Ajit Pai, a former Verizon lawyer whom Trump tapped to be the new FCC chairman, is an outspoken opponent of the “net neutrality” rules put in place under the Obama administration. The New York Times reports that he has already begun putting through a number of measures designed to undermine and roll back consumer protection policies.
While most of us are not yet feeling the effects yet, net neutrality is widely expected to be a target in the days ahead.
What is net neutrality?
Essentially, net neutrality is a policy that classifies the Internet as a telecommunications utility that must treat all users the same. This principle, encapsulated in the Open Internet Order of 2015, says that Internet Service Providers (ISPs) cannot prioritize data or speeds according to any extenuating criteria. To put it simply, ISPs can’t charge you based on how fast or slow your Internet content loads, no matter where it’s coming from.
Without net neutrality, your ISP would have the ability to prioritize content from its preferred partners while throttling content from their competitors. For example, if your ISP had an agreement with Hulu and not with Netflix, it could theoretically restrict data coming from Netflix servers to the point that your content takes forever to load or doesn’t stream at all.
The problem with zero rating
Of particular concern to net neutrality advocates is the emergence of “zero rating” services, which some major telecommunications companies have already begun marketing. Within the zero rating framework, companies pay carriers for “sponsored data” status so customers can stream unlimited videos without it counting against their data caps. One of the most troubling examples of this involves AT&T and its subsidiary, DirecTV Now.
As Jon Brodkin explains in Ars Technica, “with Sponsored Data, AT&T charges other companies for the right to bypass customers’ data caps on AT&T’s wireless network. At the [same time], AT&T lets its subsidiary DirecTV stream on the mobile network without counting against data caps. DirecTV technically pays AT&T for the privilege, but the money is just shifting hands from one part of AT&T to another.”
As early as last month, outgoing FCC chairman Tom Wheeler sent out a report denouncing AT&T’s sponsored data arrangement with its subsidiary DirecTV as a violation of net neutrality rules, claiming that it could “present significant risks to consumers and competition. […] These sponsored data offerings may harm consumers and competition by unreasonably discriminating in favor of downstream providers owned or affiliated with the network providers,” Mr. Wheeler wrote.
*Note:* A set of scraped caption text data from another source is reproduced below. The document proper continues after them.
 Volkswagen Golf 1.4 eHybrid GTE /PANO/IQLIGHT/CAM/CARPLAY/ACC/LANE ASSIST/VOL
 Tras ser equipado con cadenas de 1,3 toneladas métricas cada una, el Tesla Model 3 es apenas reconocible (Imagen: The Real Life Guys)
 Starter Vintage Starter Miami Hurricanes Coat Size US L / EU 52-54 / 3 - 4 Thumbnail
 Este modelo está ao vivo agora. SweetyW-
Net neutrality levels the field so companies can’t play these kinds of games or create pay-to-play “fast lanes” on the Internet. Your provider can naturally charge you more for faster Internet speeds, but those speeds must stay consistent no matter what content you access. However, with the changing of the guard at the FCC, chances are favorable that zero rating services and similar schemes will expand, ultimately dealing a death blow to net neutrality.
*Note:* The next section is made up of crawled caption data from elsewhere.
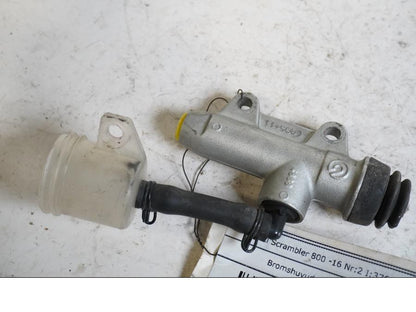 Baksidan på Bromshuvudcylinder från en Ducati Scrambler 800 -2016 motorcykel.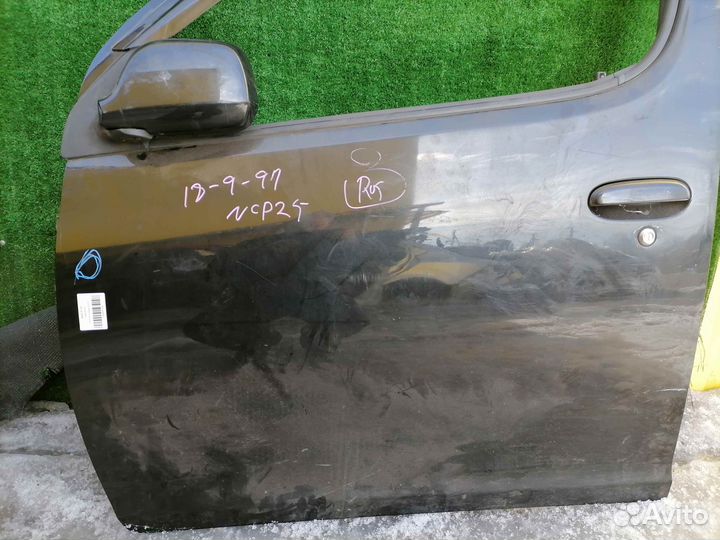 Дверь передняя левая Toyota Funcargo NCP21 NCP25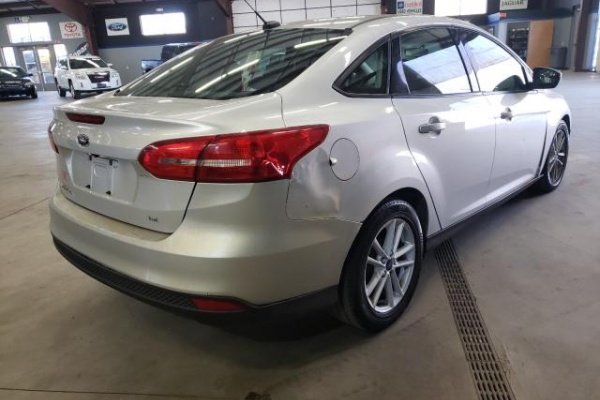 фото Ford Focus SE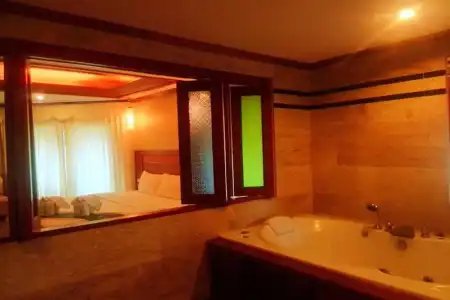 Mac Resort - 90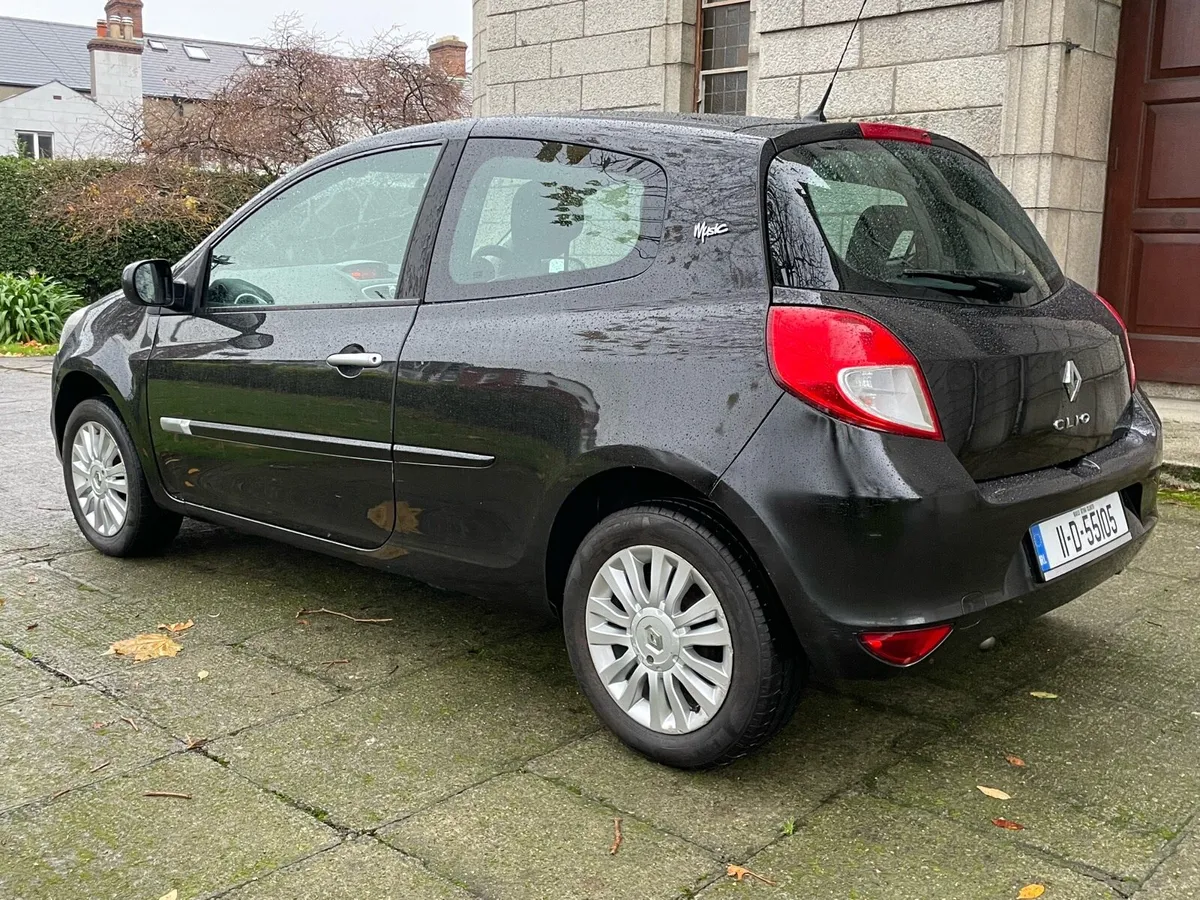 2011 Renault Clio 1.2 Music *New NCT* - Image 3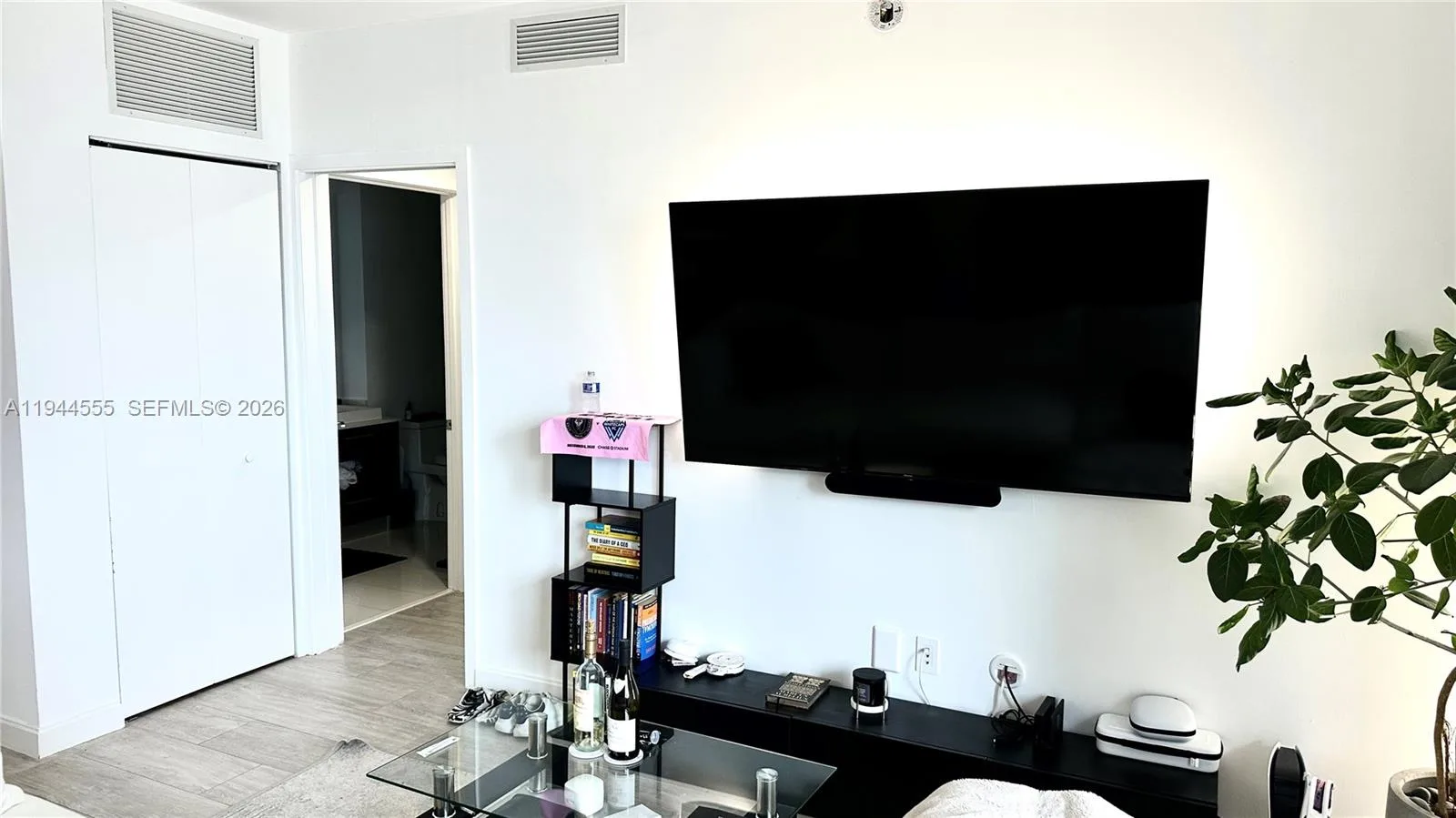 55 SW 9th St # 3702, Miami, FL 33130 photo 5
What happens if net neutrality goes away?
If Pai succeeds in rolling back the Open Internet Order, the implications could be more far-reaching than you think. The effective end of net neutrality would usher in a new digital landscape characterized by:
- Rising Internet bills. As telecommunications companies start identifying “preferred” or “premium” sites, you may find yourself being asked to pay higher rates to access those websites.
- Rising costs for web hosting. Web hosting companies may also feel the sting of these Internet “fast lanes” in the form of higher costs. As a result, they may be forced to pass those costs onto their customers, or reorganize their offerings into a “tiered” hosting structure. If you pay a company to host your website, not only could your monthly bills increase, but your site’s speed could be throttled until you cough up the money for an upgrade.
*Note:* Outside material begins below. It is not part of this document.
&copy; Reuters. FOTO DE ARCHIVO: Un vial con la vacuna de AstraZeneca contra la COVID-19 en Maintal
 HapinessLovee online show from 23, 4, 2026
- Unpredictable SEO. As net neutrality begins to affect how different sites load on different servers, expect search engine indexing and SEO best practices to be effectively upended. Furthermore, since load times are factored into page rank along with content relevance, future SEO could be difficult to predict since load times will be affected by who is asking for the content and what provider they are using, rather than the content of the pages themselves.
- Weaker results from paid advertising. If you use a paid inclusion service like Google ads to promote your business, Google’s Quality Score can suffer if your ad shows up on a slow-loading page.
Of course, until net neutrality rules are officially changed, it’s difficult to predict exactly how this will all play out or how it will affect your wallet. Regardless, if net neutrality finds itself on the chopping block, the bottom line is we can all expect to pay more for less.